Arkansas Manganese Deposits
Commercially important manganese deposits are present in two principal regions in Arkansas – the Batesville district and the West-Central Arkansas district. Other areas of Arkansas have been prospected for manganese and, although mineralization exists, quantities are not economic. Mines in the Batesville district, which includes about 100 square miles located in northwestern Independence County, south-eastern Izard County, and northeastern Stone County, produced over 98 percent of the manganese ore shipped from Arkansas. The West-Central Arkansas district includes portions of Pulaski, Saline, Garland, Hot Spring, Montgomery, Pike, Howard, and Polk Counties.
The ores in the manganese deposits of the Batesville district are classified into 4 major types: manganiferous limestone, residual in situ clay, clay-talus residuum, and placer. Manganiferous limestone, mostly in the Early Mississippian St. Joe and Boone Formations, is the most abundant ore; but is usually low grade.
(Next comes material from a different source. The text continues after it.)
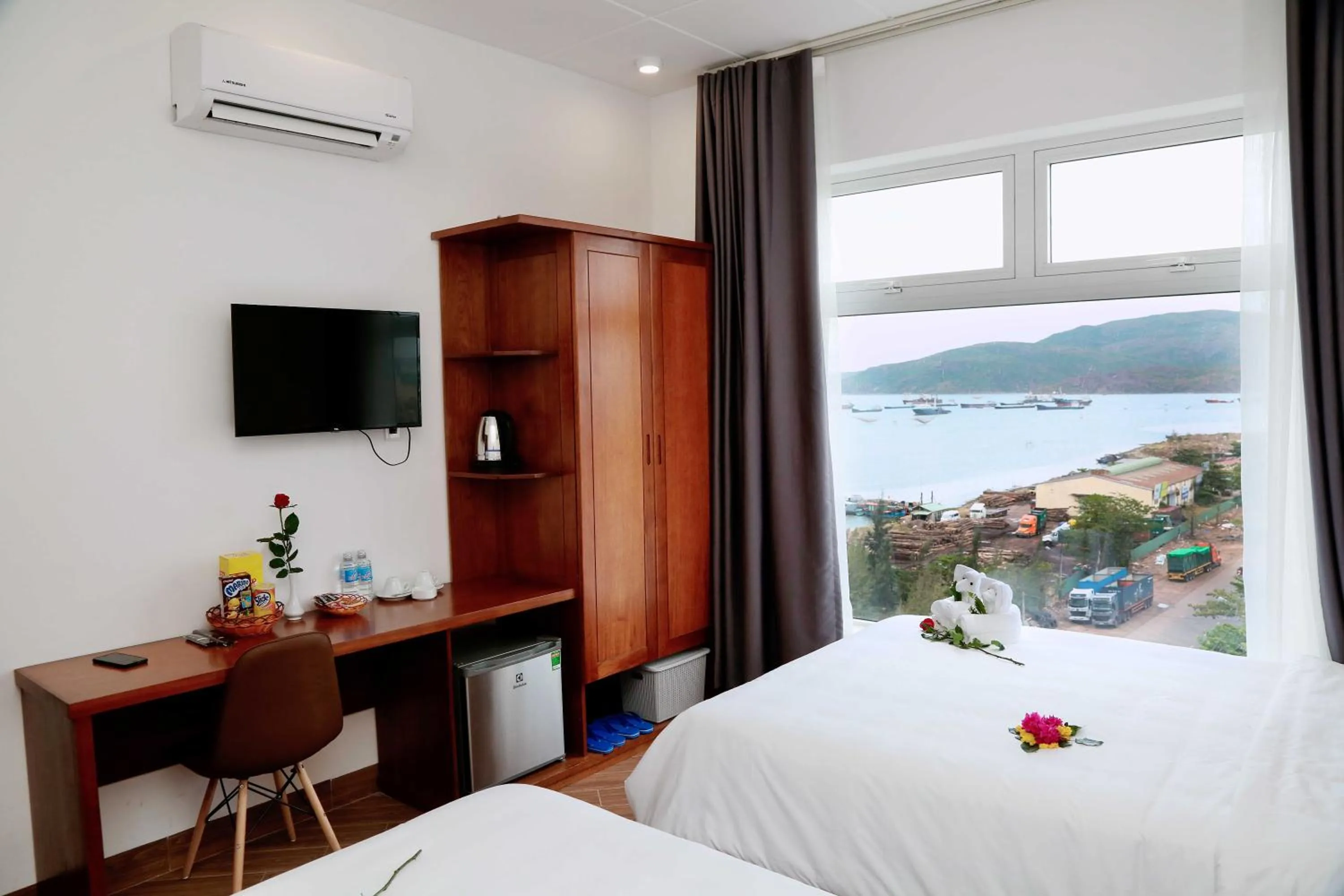Photo of the whole room, Bed in Thanh Van Hotel Quy Nhon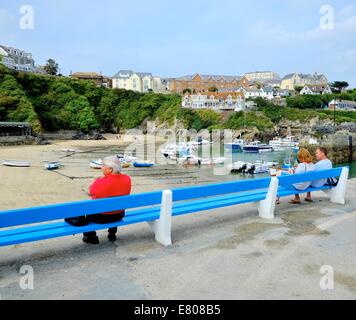 Menschen genießen die Aussicht in Newquay Hafen Cornwall England uk Stockfoto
Residual in situ clay and clay-talus residual ores are present as local deposits of irregular lumps, masses, and nodules, mainly in pockets of residual clay lying in depressions in the bedrock. These latter ore types are secondary residual minerals concentrated by the decomposition and replacement of some of the rocks of the Ferndale Limestone through Cason Shale (Ordovician) strata. Placer ores and deposits containing them are derived by the transportation of residual deposits and are usually mixed with sand and gravel.
History of Mining and Production
The Batesville district manganese deposits were mined intermittently from 1849 to the early 1880’s by both open-pit and subsurface methods. From 1881 to 1959, mining activity was almost continuous. Major production occurred in both World Wars, but the highest single-year production was during 1956 when more than 29,000 tons of manganese ore were extracted. The U. S. Bureau of Mines has calculated that almost 200 million long tons of ore containing 4 to 9 percent manganese still remain in the district. Deposits of manganese ore may be difficult to evaluate because they are generally small, scattered, methods utilizing geophysical techniques are not usually economically feasible, and normal methods of obtaining representative samples are not effective.
The west-central Arkansas manganese deposits are mainly oxides in veins, open pockets, and cement that binds breccias together in fractured zones in the Arkansas Novaculite (Devonian/Mississippian) and the Stanley Shale (Mississippian). The manganese mineralization in ore deposits ranges in thickness from a fraction of an inch to about 10 feet. The deposits, which contain a large amount of low-phosphate manganese in the aggregate, are usually small and discontinuous. Exploration in the district is incomplete. A few mines and prospects are well known and minor production by both open-pit and subsurface methods was recorded in the first half of the 20th century, but the cost of mining, modest quantities and low grade of ore has so far precluded significant development of these resources. Phosphate-free manganese ores from the west-central district were utilized during World War II to upgrade the more phosphate-rich ores of the Batesville district.
There has been no manganese ore mined in Arkansas since federal stockpile programs were stopped in 1959. The potential for manganese ore production will depend primarily on the growth rate of steel production and the availability of manganese ore from foreign sources.
Miser, H. D., 1917, Manganese deposits of the Caddo Gap and DeQueen quadrangles, Arkansas: U. S. Geological Survey Bulletin 660-C, p. 59-122.
Miser, H. D., 1922, Deposits of manganese ore in the Batesville district, Arkansas: U. S. Geological Survey Bulletin 734, 273 p.
Penrose, R. A. F., Jr., 1890, Manganese: Its uses, ores, and deposits: Arkansas Geological Survey Annual Report for 1890, v. I, 642 p.
Stroud, R. B., Kline, H. D., Brown, W. F., and Ryan, J. P., 1981, Manganese resources of the Batesville district, Arkansas: Arkansas Geological Commission Information Circular 27, 146 p.